[Extracted material — start]

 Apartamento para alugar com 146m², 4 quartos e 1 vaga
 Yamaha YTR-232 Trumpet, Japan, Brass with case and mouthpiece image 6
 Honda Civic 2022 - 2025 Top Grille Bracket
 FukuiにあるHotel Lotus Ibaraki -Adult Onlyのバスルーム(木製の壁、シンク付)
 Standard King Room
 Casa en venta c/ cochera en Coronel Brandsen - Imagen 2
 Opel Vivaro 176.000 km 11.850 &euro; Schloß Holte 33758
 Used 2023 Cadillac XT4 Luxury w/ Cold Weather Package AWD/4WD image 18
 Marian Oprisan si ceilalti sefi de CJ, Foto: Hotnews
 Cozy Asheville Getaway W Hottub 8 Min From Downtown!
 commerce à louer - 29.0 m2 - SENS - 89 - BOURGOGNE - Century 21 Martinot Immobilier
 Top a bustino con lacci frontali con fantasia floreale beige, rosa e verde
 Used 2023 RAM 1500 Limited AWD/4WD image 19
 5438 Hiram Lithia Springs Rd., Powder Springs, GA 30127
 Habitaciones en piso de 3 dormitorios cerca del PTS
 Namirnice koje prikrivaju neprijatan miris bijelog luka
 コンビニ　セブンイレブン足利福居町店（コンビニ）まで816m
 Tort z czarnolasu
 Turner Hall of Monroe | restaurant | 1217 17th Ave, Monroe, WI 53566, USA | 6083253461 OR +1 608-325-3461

[Extracted material — finish]

▶ _Work instructions_:
Only the lines from the one containing "Top a bustino" to the end of the data should be printed, exactly as they stand.

▶ _Response to the exercise_:
 Top a bustino con lacci frontali con fantasia floreale beige, rosa e verde
 Used 2023 RAM 1500 Limited AWD/4WD image 19
 5438 Hiram Lithia Springs Rd., Powder Springs, GA 30127
 Habitaciones en piso de 3 dormitorios cerca del PTS
 Namirnice koje prikrivaju neprijatan miris bijelog luka
 コンビニ　セブンイレブン足利福居町店（コンビニ）まで816m
 Tort z czarnolasu
 Turner Hall of Monroe | restaurant | 1217 17th Ave, Monroe, WI 53566, USA | 6083253461 OR +1 608-325-3461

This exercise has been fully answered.